Photo by: Bob and Sandra Shanklin

Lane was keeper at Michigan Island from 1902 until 1939, making him the longest-serving keeper in the six light stations of the Apostle Islands of western Lake Superior. From stories told by a daughter years later, an image emerges of an idyllic existence, the kind one imagines for inhabitants of the lighthouses in paintings sold in gift shops.

“We children never missed playmates - Mom and Dad played with us and formed teams,” Edna Lane Sauer recalled, nearly half a century after her father’s retirement. “So many happy memories of those days - never was lonely - just busy working and playing.”

Before her death in 1991 in Moline, Illinois, at the age of ninety-six, Sauer provided a vivid portrayal of the happy life of a family that seemed perfect for the isolated life at a light station.

“It’s not the typical kind of life that one would have living in a town,” said Bob Mackreth, historian for the Apostle Islands National Lakeshore, which cares for the light stations of the Apostles. “Some people of course adapted well to it and others did not adapt so well. It certainly seems that the Lanes were able to adapt very well to this isolated life. . . . Edna had many pleasant memories and many fond things to say about her time at the lighthouse.”

Sauer was just turning seven when the family came to the island. She attended school in Bayfield, a nearby town on the shore, and summered on Michigan Island until 1914. Then she developed a condition, called an “inward goiter,” that made her faint and made it harder to breathe.

Told by doctors her health would improve if she lived in a warmer climate, she moved south, to Davenport, Iowa. Her health improved and she never moved back. But she often returned to visit, and shared her recollections with local residents, and later historians for the National Park Service. It is those recollections and letters she wrote that provided a clear picture of life on Michigan Island.

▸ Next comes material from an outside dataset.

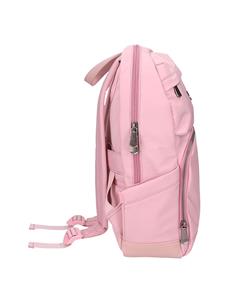 MOCHILA ADAP. 37CM 2C CORIN ROSA 2
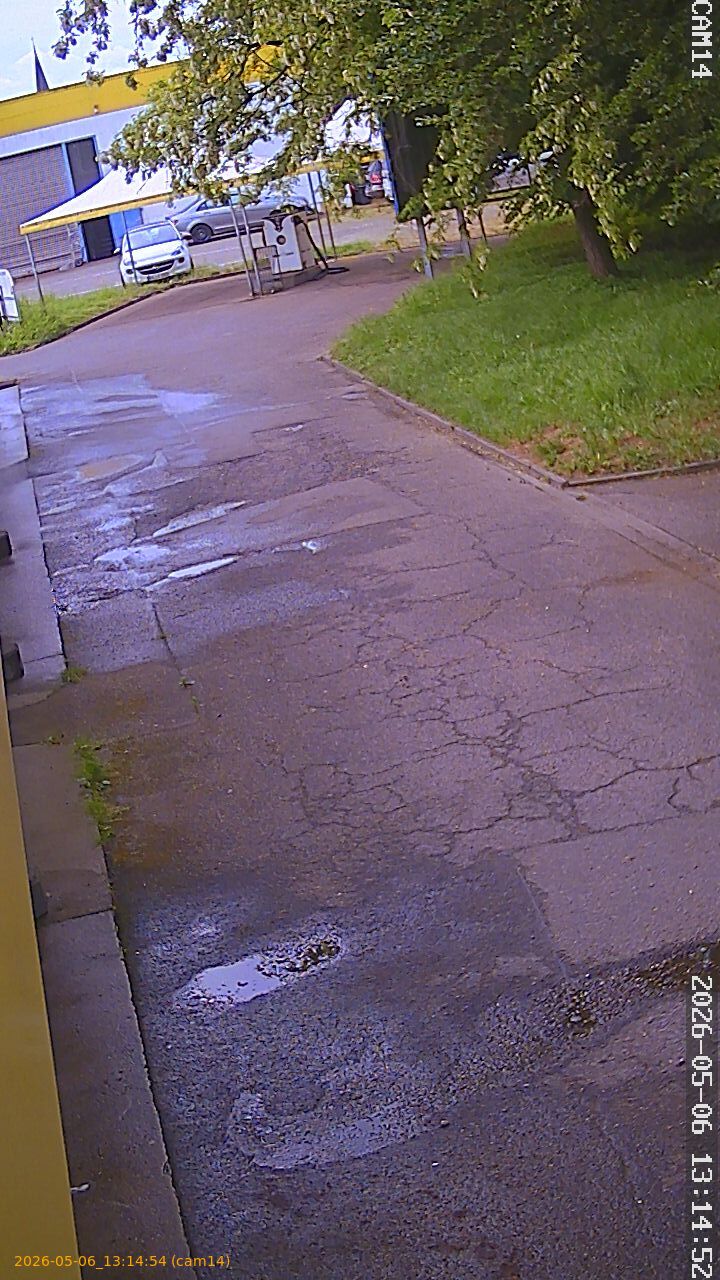 thumbnail_20260506131454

Sauer last returned to the Apostle Islands region in 1985, when she was ninety. Four years later, she expressed thanks to God that her mind was still clear.

She wrote:

“I hope they (the National Park Service) refurnish Michigan Island some day, and that I can help. I know and remember every piece of furniture in my old home, even to the woodbox in the kitchen. Keeping it filled was our job! Earlier in the fall, Dad would walk out the path. . . . where he would cut down the birch trees, and sawed the limbs into correct length. We children would pile them up for the winter. He always made a shelter for us of birch branches to keep us warm. Loved it!”

Dave Snyder, the former historian of the Apostle Islands National Lakeshore and the historian for the U.S. Lighthouse Society, thought of visiting Sauer before she died, but never did. Nonetheless, he has strong recollections of speaking to her by phone several times.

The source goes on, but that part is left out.